Prevention better than cure
Aggregate Industries say pre-emptive planning is the key to successful flood defence
AS the UK braces for another winter of erratic weather that could once again see torrential storms batter Britain’s coastlines and flood communities, Aggregate Industries are highlighting the need for early intervention when planning defence measures, reminding contractors and local authorities that ‘prevention is better than cure’.
With some 5 million properties across the country – around one in six – currently at risk of flooding, sea and flood defence remains one of the most pressing issues facing the nation.

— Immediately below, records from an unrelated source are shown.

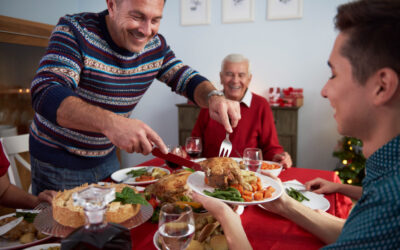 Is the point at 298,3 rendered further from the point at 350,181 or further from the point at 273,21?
the point at 350,181

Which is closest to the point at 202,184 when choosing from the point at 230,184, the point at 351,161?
the point at 230,184

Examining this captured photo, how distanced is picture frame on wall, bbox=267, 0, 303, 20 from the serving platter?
→ 4.25 m

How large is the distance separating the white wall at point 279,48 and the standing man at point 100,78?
2945mm

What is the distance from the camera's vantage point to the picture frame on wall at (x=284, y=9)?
449 cm

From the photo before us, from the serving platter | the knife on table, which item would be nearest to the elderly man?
the knife on table

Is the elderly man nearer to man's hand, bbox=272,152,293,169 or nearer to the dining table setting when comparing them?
man's hand, bbox=272,152,293,169

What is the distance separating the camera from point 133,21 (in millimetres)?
1635

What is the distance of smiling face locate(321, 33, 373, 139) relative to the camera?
90 centimetres

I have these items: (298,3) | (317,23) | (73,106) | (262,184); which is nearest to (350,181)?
(317,23)

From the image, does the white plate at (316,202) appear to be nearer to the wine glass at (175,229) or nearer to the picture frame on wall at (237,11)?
the wine glass at (175,229)

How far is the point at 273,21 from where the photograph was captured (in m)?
4.66

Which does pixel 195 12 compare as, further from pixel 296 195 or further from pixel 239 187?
pixel 239 187

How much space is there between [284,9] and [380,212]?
4412 mm

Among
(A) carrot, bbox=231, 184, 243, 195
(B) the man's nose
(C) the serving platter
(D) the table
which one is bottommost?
(D) the table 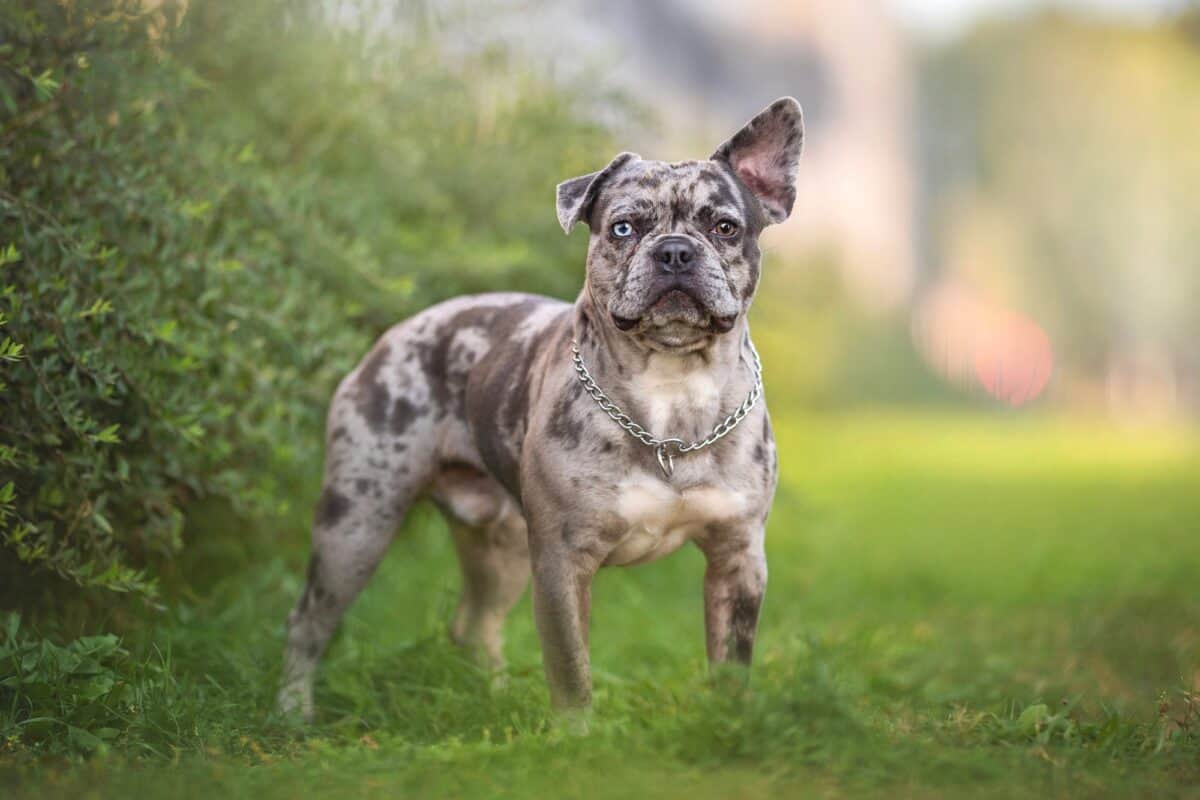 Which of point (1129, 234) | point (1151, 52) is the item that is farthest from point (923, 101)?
point (1129, 234)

Recent years have seen Britain suffer a number of extreme flood events in areas such as Somerset, Cumbria and Yorkshire, bringing misery to the lives of thousands and seriously disrupting businesses and local infrastructure.

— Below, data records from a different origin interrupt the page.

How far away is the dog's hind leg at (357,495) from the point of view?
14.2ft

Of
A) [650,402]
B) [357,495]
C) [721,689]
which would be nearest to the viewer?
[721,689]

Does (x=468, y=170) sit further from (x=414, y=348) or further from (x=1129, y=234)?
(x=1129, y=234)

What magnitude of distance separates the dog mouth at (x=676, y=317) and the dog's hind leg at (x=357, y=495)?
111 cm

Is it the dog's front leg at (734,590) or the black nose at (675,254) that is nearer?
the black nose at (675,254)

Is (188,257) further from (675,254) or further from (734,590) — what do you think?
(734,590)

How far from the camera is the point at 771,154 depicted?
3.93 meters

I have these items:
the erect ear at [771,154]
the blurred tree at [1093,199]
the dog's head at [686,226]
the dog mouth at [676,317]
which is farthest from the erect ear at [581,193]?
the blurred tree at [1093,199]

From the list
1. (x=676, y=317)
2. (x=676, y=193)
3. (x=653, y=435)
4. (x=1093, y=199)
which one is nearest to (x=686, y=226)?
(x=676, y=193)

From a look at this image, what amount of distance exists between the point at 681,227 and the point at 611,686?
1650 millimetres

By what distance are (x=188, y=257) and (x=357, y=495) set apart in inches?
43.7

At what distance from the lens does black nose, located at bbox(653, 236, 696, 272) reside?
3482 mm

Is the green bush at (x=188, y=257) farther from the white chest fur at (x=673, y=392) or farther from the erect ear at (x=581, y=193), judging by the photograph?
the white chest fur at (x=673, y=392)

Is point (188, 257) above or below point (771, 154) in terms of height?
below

And this year looks to be no different, with the latest forecasts from the Met Office warning of the likelihood of heavy rainfall hitting the UK in the coming months.
As a result, protecting British homes, businesses and infrastructure across the country from the devastating impact of flooding is a key issue facing the Government and local authorities.
Richard Naylor, commercial manager at Aggregate Industries, said: ‘The Great British weather has become more erratic in recent years, with torrential storms and heavy rain frequently causing widespread flooding and misery – and the reality, unfortunately, is that it is likely to get worse.
‘As such, it really is vital that authorities take a pre-emptive approach by acting now and reviewing their flood-defence strategies early on, making any adjustments or improvements that may be necessary.
‘Not only is this vital to potentially save lives and reduce the impact as much as possible, but it can work out more economical in the long run – after all, it’s far cheaper to prevent flood damages than rectify them.’
Core to this approach is leveraging the latest construction materials solutions available to aid coastal- and flood-defence measures – such as the clever use of aggregates, including natural rock armour, rip-rap and gabion, which are widely specified by the Environment Agency and consulting engineers for river revetment and diversion contracts.
Mr Naylor continued: ‘Historically, natural stone, such as rock armour, has been used to reinforce riverbanks against the threat of flooding. Key to the success of this strategy is to ensure that, instead of taking a one-size-fits-all approach, the right specification and size of rock is used and, more importantly, available before, during and after any extreme weather events.
‘At Aggregate Industries, we work with specialist design consultants to help tailor rock armour specifically to meet the challenges of different regions and floodplains. We also ensure that this material is available at a moment’s notice from several quarries across the country, so that effective flood defences can be installed when necessary.’